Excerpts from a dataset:

※ ※ ※

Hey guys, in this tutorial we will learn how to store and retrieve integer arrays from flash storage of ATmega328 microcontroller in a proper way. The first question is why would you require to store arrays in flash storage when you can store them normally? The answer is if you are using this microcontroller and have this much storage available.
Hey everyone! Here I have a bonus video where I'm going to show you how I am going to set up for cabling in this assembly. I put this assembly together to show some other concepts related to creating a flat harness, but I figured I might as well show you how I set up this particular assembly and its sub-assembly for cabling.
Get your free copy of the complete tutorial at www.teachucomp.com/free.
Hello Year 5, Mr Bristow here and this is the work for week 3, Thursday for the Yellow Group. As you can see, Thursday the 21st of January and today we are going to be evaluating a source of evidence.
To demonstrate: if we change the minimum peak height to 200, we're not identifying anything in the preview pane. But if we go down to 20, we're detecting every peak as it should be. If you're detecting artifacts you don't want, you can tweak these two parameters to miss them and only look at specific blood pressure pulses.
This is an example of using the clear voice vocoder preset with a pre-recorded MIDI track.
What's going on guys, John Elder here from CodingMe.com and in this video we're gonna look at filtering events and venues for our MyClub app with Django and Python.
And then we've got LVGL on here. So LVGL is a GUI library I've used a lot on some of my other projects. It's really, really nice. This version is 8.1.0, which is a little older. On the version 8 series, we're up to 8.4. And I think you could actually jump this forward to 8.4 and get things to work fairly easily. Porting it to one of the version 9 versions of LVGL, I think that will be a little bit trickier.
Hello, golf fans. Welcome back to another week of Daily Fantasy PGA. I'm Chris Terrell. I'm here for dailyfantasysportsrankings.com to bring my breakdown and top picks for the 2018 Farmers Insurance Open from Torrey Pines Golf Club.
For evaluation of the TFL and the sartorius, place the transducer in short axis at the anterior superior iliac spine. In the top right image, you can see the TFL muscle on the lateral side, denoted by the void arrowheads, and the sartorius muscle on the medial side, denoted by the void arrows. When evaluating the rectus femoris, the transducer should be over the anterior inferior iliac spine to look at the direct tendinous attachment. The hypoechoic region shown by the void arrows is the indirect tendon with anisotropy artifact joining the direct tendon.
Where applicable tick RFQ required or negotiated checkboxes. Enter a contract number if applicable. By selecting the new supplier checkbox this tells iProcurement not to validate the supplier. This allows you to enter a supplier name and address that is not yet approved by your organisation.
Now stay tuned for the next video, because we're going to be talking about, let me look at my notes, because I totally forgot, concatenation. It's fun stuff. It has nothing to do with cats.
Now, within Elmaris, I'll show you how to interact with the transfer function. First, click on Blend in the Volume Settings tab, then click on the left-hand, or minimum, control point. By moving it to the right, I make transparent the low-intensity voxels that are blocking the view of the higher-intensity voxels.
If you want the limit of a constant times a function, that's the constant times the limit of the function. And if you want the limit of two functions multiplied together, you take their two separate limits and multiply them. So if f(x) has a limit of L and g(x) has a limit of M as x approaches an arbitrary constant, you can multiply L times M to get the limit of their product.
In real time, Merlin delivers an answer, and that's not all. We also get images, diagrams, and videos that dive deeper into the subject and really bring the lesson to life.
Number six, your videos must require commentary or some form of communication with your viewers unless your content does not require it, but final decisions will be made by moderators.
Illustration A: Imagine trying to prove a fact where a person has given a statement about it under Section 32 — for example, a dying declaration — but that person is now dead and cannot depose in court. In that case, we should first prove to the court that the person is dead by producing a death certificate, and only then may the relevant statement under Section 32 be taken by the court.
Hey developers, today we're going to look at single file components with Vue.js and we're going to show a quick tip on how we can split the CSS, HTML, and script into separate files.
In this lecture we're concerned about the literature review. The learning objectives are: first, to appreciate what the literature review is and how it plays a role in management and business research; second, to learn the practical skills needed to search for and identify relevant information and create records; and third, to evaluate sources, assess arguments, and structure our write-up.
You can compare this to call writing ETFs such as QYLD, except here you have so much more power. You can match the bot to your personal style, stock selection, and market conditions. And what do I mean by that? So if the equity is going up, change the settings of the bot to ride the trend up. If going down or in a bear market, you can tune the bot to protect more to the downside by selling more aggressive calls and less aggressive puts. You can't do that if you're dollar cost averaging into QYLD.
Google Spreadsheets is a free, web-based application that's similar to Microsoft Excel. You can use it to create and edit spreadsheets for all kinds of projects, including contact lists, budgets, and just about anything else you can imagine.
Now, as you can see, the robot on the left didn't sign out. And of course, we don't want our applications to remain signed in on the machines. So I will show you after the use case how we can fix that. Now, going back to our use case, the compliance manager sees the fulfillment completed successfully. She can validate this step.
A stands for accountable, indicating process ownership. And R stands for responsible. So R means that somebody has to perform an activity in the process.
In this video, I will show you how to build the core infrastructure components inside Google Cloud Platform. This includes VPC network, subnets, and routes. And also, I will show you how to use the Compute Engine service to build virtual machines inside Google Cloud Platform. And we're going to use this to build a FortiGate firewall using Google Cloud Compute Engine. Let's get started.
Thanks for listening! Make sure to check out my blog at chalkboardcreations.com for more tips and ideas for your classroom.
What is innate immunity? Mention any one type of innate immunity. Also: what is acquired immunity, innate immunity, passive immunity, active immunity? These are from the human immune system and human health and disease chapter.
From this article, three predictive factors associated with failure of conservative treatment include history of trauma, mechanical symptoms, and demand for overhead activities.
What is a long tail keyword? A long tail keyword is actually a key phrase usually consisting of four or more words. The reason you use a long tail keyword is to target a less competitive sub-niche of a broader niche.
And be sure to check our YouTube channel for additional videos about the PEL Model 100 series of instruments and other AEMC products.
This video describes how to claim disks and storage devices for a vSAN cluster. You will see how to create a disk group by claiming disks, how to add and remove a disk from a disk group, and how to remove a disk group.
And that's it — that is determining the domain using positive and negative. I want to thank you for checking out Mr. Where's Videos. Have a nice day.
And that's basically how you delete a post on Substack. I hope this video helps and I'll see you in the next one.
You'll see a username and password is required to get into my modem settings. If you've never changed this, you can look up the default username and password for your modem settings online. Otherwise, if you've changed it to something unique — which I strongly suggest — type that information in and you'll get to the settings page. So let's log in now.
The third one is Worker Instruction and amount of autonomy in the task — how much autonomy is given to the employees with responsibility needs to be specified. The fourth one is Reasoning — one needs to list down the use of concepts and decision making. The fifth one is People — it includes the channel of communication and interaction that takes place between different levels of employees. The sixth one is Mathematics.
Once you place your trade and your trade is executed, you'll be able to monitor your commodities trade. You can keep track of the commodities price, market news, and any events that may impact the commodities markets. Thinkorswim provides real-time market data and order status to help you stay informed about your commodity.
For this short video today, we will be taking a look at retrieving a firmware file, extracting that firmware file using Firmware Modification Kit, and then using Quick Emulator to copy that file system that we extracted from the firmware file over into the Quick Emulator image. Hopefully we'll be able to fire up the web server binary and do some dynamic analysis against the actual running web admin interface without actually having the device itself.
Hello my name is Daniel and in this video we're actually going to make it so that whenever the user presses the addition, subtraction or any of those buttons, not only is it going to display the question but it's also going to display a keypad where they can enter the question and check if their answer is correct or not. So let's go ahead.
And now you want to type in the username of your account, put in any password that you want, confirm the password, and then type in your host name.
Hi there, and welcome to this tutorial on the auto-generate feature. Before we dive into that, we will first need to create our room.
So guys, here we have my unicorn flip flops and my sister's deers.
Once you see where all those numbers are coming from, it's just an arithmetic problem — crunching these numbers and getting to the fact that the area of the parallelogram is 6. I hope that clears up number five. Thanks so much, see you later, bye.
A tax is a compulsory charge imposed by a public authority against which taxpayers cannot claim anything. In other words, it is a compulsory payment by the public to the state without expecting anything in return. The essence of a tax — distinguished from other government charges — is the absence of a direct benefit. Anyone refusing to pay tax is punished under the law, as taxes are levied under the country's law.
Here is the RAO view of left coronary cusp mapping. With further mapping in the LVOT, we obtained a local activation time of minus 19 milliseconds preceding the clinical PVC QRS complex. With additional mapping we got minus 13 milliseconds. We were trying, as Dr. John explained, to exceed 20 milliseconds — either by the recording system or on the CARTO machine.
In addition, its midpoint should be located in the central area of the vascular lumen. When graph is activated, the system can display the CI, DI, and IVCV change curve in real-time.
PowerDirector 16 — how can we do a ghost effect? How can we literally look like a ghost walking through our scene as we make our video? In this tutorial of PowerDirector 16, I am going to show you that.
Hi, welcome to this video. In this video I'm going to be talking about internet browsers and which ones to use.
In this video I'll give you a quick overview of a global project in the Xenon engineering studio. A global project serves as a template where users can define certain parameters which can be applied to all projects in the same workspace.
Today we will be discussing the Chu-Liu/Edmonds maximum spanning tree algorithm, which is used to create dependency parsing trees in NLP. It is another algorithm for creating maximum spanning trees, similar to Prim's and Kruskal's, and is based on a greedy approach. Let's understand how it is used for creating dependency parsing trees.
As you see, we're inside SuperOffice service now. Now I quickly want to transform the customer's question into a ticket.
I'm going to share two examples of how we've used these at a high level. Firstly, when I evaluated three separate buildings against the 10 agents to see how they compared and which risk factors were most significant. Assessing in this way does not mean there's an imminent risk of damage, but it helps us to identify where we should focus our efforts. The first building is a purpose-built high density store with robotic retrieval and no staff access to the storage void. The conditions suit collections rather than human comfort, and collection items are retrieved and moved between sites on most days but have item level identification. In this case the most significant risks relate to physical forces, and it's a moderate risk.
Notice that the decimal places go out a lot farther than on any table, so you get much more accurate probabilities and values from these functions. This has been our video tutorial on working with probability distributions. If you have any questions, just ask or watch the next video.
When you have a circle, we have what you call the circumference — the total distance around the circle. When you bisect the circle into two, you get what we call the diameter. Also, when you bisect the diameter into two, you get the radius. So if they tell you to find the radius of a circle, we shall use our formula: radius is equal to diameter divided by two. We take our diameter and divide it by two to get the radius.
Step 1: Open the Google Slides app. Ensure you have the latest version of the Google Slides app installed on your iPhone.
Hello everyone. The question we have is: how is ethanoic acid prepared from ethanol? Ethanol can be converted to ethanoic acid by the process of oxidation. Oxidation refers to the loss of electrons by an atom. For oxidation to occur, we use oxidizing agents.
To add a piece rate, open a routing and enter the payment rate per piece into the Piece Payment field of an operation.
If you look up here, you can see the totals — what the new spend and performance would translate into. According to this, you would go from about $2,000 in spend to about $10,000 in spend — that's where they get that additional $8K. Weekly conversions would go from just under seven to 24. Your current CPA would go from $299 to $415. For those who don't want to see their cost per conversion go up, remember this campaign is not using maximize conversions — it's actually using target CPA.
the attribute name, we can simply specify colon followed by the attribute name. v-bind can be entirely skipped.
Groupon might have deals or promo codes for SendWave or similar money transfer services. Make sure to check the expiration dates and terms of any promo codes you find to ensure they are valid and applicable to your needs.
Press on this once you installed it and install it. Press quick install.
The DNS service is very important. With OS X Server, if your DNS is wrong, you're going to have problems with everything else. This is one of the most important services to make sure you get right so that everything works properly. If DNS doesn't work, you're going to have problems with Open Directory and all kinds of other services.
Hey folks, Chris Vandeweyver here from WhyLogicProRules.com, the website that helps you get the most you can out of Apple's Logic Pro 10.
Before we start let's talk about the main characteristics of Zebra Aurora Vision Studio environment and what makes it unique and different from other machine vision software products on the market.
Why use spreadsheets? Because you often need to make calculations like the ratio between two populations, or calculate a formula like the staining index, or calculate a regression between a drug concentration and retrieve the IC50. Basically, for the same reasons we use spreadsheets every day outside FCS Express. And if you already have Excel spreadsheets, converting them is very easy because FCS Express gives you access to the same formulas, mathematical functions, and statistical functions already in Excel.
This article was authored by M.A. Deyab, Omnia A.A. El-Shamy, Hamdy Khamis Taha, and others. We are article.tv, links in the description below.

※ ※ ※

Starting at the line above that holds "When you have" and ending at the line that holds "the attribute name, we", transcribe each line exactly and include no other lines.

When you have a circle, we have what you call the circumference — the total distance around the circle. When you bisect the circle into two, you get what we call the diameter. Also, when you bisect the diameter into two, you get the radius. So if they tell you to find the radius of a circle, we shall use our formula: radius is equal to diameter divided by two. We take our diameter and divide it by two to get the radius.
Step 1: Open the Google Slides app. Ensure you have the latest version of the Google Slides app installed on your iPhone.
Hello everyone. The question we have is: how is ethanoic acid prepared from ethanol? Ethanol can be converted to ethanoic acid by the process of oxidation. Oxidation refers to the loss of electrons by an atom. For oxidation to occur, we use oxidizing agents.
To add a piece rate, open a routing and enter the payment rate per piece into the Piece Payment field of an operation.
If you look up here, you can see the totals — what the new spend and performance would translate into. According to this, you would go from about $2,000 in spend to about $10,000 in spend — that's where they get that additional $8K. Weekly conversions would go from just under seven to 24. Your current CPA would go from $299 to $415. For those who don't want to see their cost per conversion go up, remember this campaign is not using maximize conversions — it's actually using target CPA.
the attribute name, we can simply specify colon followed by the attribute name. v-bind can be entirely skipped.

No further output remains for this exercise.